A rogue builder who fleeced customers out of £130,000 for dangerous, shoddy and unfinished work has been jailed.
Kyle Muir, 27, was told he had displayed a “blasé, couldn’t give a damn attitude” during a “campaign of cowboy building and rogue trading” as he was sentenced to 33 months in prison.
Norwich Crown Court heard his catalogue of botched building projects included a two-storey extension that resulted in a dangerously sagging roof, live electrical cables dangling down, wonky walls and gas pipes built into a cavity wall.
Vicki Mileham was left nearly £80,000 out of pocket for the work at her home at Belton, near Great Yarmouth, which was never completed by Diamond Standard Renovations, run by Muir and his co-defendant Reece Lloyd.
Prosecutor Matthew Sorel-Cameron said the work had seen the kitchen without water and electricity supplies from Chrtistmas 2019 to Easter 2020.
Kitchen units wrongly fitted had not been the new B&Q kitchen she had paid for but was instead a “second-hand kitchen that had been bought from a man on Facebook”.
A plumber who inspected the work was so concerned that the badly fitted boiler flue would leak fumes into her home that he reported it to the Health and Safety Executive, the court was told.
A second victim who paid Diamond Standard Renovations more than £26,000 to fit a bathroom and kitchen found the work left incomplete with serious faults including a hole in the wall and the cooker incorrectly fitted.
Muir had previously admitted seven fraud offences relating to projects he failed to finish under the auspices of three companies he ran as part of a prosecution brought by Norfolk Trading Standards.
The offences, which also included work at homes in Bradwell, Hethersett and Hingham, took place between October 2019 and June 2021
Lloyd, 31, of Western Road, Gorleston, had admitted an offence under Unfair Trading Regulations.
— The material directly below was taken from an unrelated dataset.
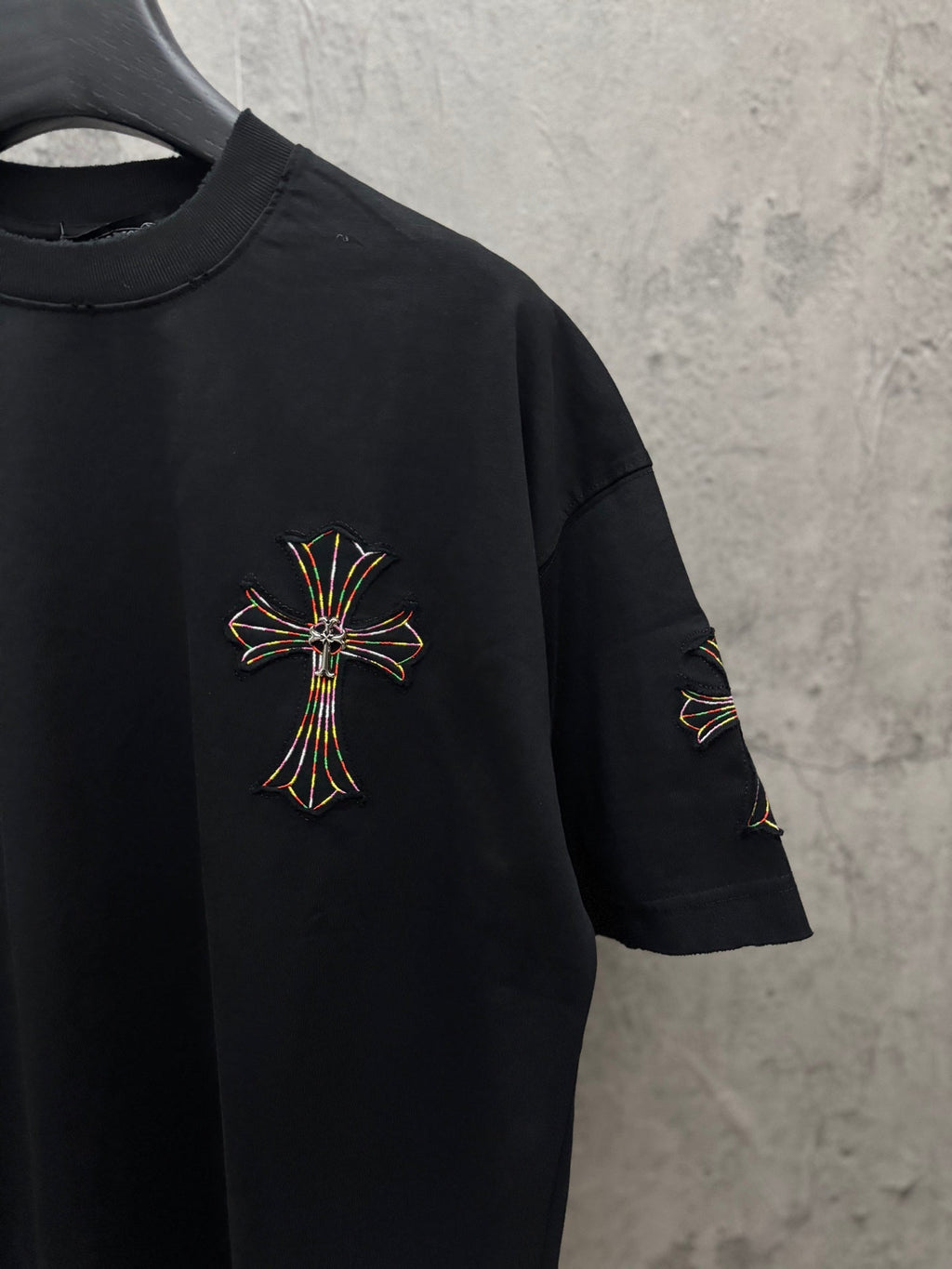 Embroidered couple short sleeved fabric with colored thread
The court was told that despite trading standards warnings, Muir had gone on to set up another company, Better Home Improvements, that saw a string of further complaints from dissatisfied customers.
One victim, who paid £8,500 after seeing the company listed on mybuilder.com fraudulently displaying the logo of 'TrustATrader', had items never delivered and work done so badly it cost £17,000 to rectify.
Others paid large sums for scaffold work that was never carried out after Muir faked documentation claiming to be from the owner of a scaffolding company.
In total victims were left more than £14,000 out of pocket, said Mr Sorel-Cameron.
Summing up personal impact statements from victims, he said one had described her life had been a “living hell” and that she had been left “having to work all hours to make up for lost income”.
Another said she had found Muir “persuasive and plausible which made her feel confident” but now she felt “ashamed and embarrassed”.
An elderly woman caring full-time for her husband who has dementia said she had been “hurt and humiliated by Muir”. Another said she “rued the day she ever let them into her house”.
Simon Molyneux, defence counsel for Muir, said his behaviour had been “reprehensible”.
“Clearly there was a significant impact on the victims which he acknowledges,” he added.
Oliver Haswell, for Lloyd, read out an apology to victims saying he had “not only done wrong by them but could have seriously harmed them”.
“I am disgusted, embarrassed, ashamed and so full of guilt,” he added.
Jailing Muir and making him the subject of a 10 year criminal behaviour order, Recorder John Hardy said: “It is a marked contrast between your behaviour and that of the community as a whole that the community has engaged in a fundraising exercise to help out your victims.”
Sentencing Lloyd to nine months imprisonment suspended for 18 months and 200 hours unpaid work, he told him he had escaped a custodial sentence by the “skin of your teeth”.
“You have recognised that your behaviour was thoroughly disgraceful, utterly dishonest and devious,” he added.
The court was told the prosecution would be seeking a proceeds of crime order to recover money paid by their victims.